Exercise objective :: Your task is to restate word for word the lines in the material below, from the one with "Comfort Park Avenue" up to and including the one with "Easter Bunnies Metal". Do not carry over the pictures.

Exercise inputs ::

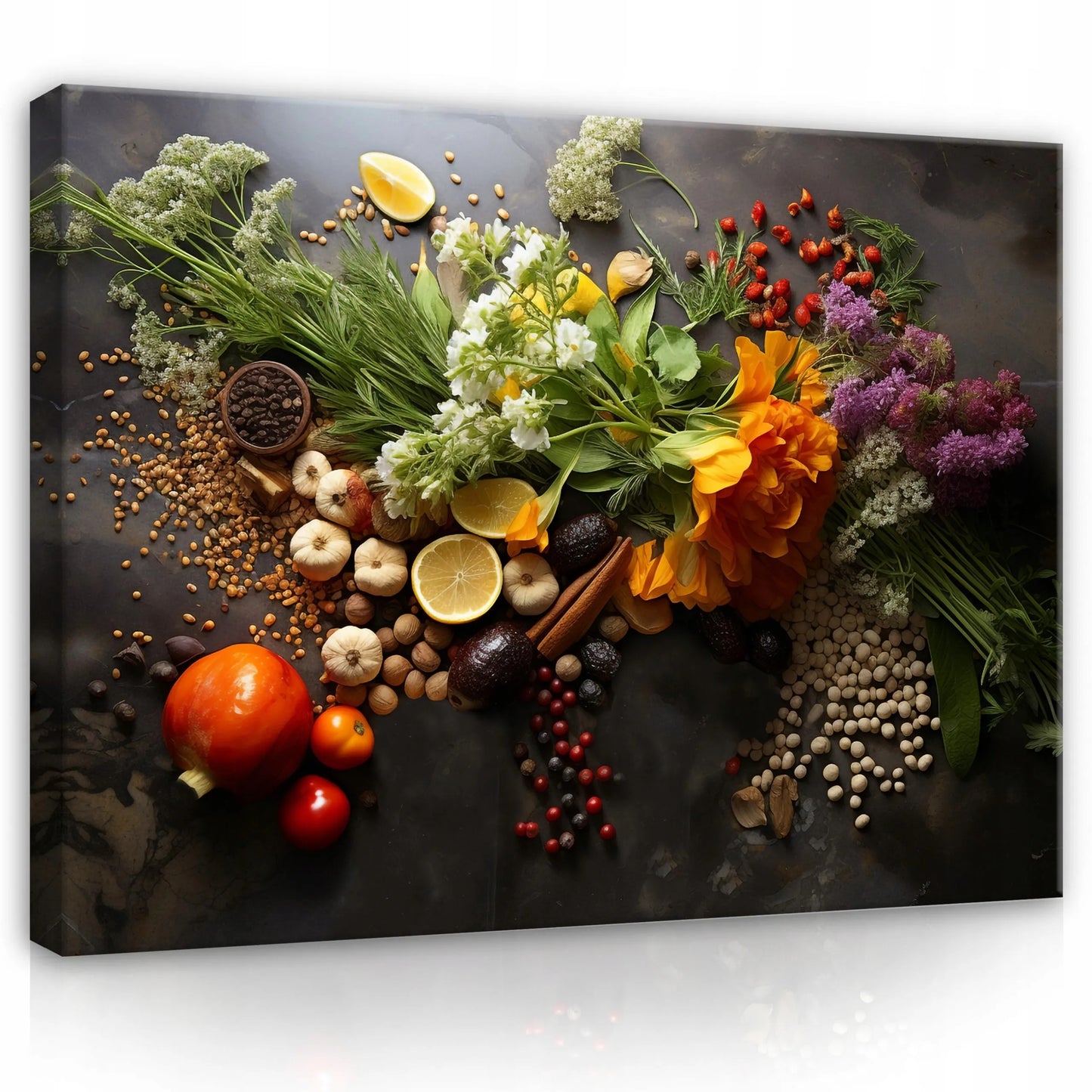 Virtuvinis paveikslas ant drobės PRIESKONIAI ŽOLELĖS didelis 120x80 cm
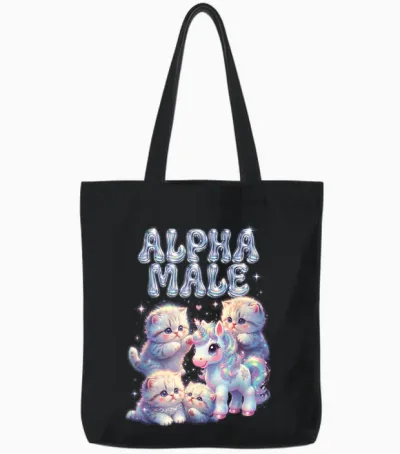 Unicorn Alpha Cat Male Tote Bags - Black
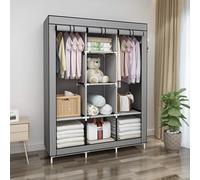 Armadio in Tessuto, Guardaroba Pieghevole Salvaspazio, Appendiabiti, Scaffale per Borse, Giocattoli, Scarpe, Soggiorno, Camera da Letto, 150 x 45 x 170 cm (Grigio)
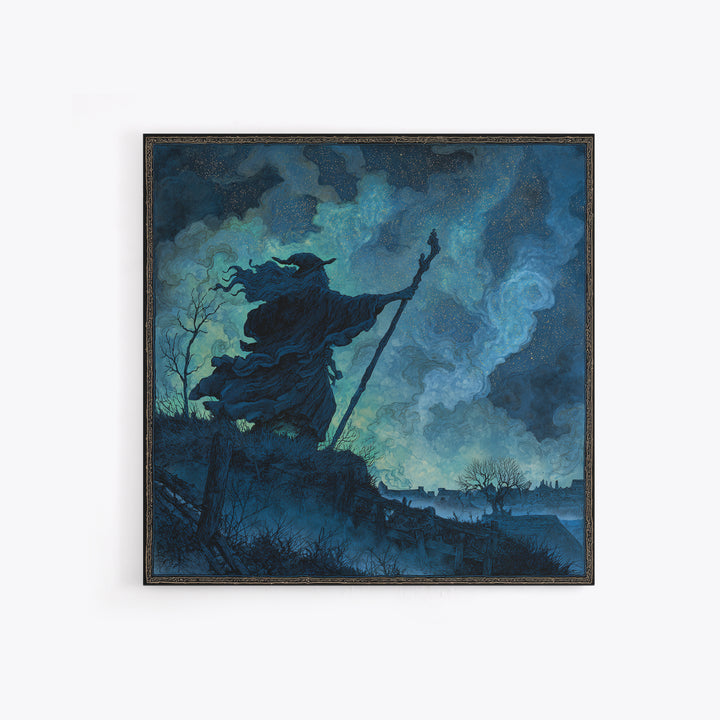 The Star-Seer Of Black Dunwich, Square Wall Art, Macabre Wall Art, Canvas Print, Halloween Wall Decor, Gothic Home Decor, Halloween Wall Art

...

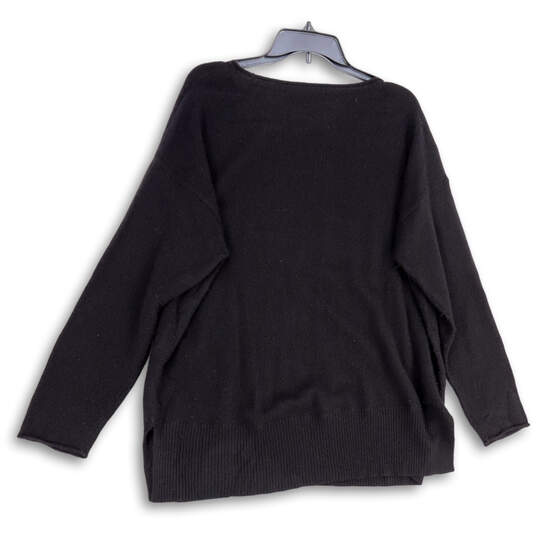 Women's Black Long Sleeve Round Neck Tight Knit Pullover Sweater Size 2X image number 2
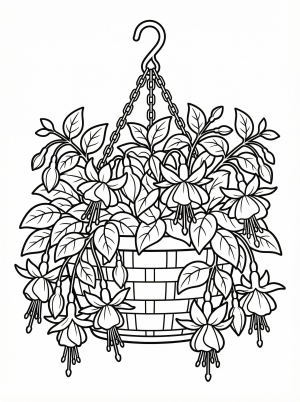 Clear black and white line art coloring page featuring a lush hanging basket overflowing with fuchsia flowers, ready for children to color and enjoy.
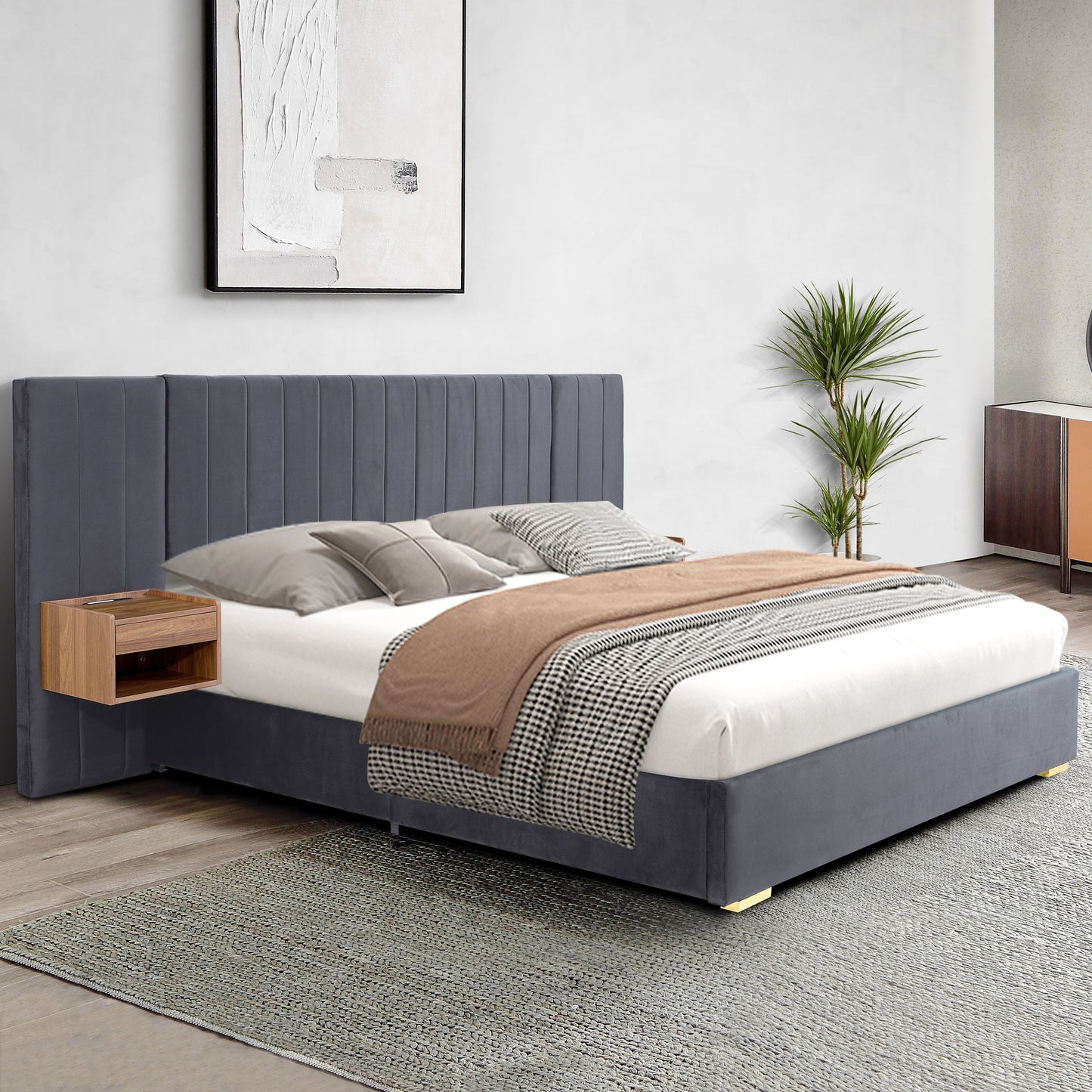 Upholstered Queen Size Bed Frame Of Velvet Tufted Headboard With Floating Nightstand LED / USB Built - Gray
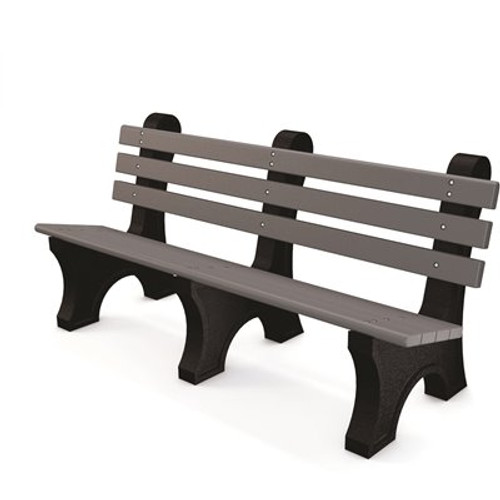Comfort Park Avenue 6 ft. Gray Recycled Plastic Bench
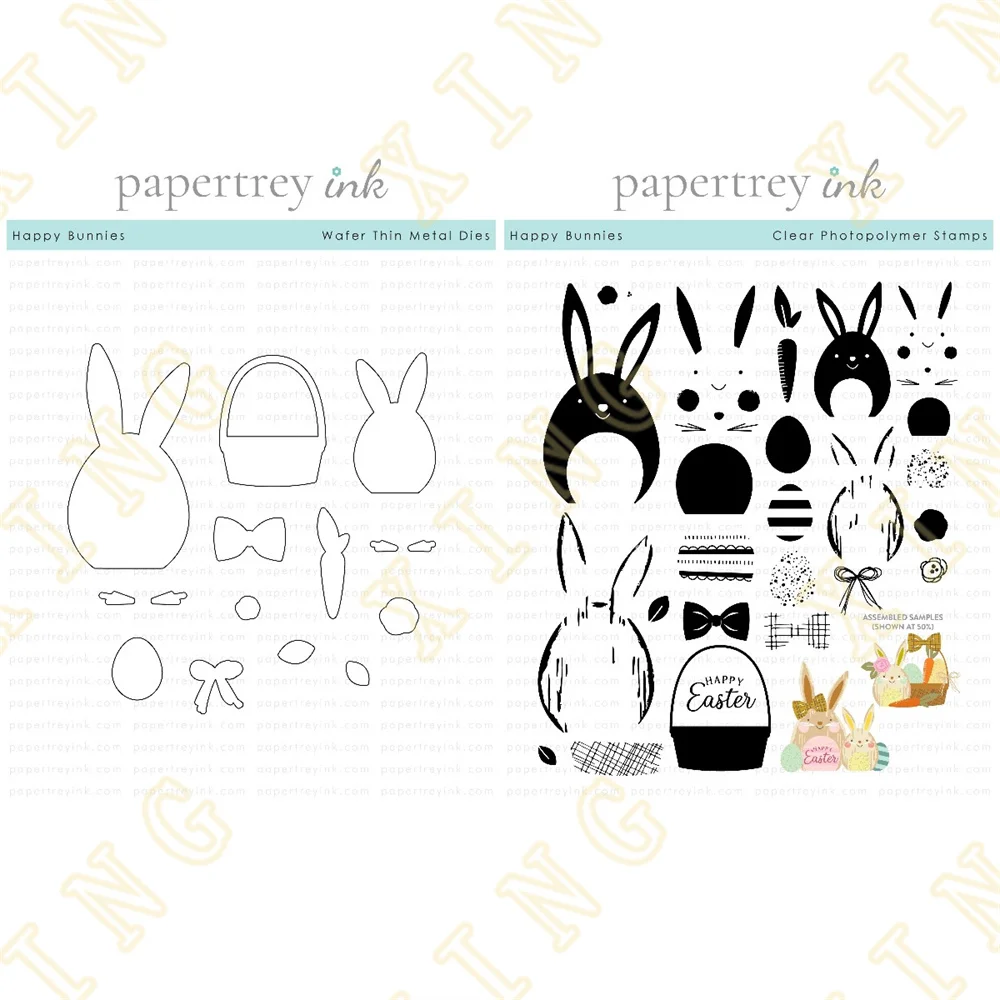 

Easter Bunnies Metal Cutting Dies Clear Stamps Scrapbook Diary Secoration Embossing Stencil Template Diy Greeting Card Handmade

...

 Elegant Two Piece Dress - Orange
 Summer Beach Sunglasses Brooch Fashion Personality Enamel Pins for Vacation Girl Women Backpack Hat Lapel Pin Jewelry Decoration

Expected output ::
Comfort Park Avenue 6 ft. Gray Recycled Plastic Bench

Easter Bunnies Metal Cutting Dies Clear Stamps Scrapbook Diary Secoration Embossing Stencil Template Diy Greeting Card Handmade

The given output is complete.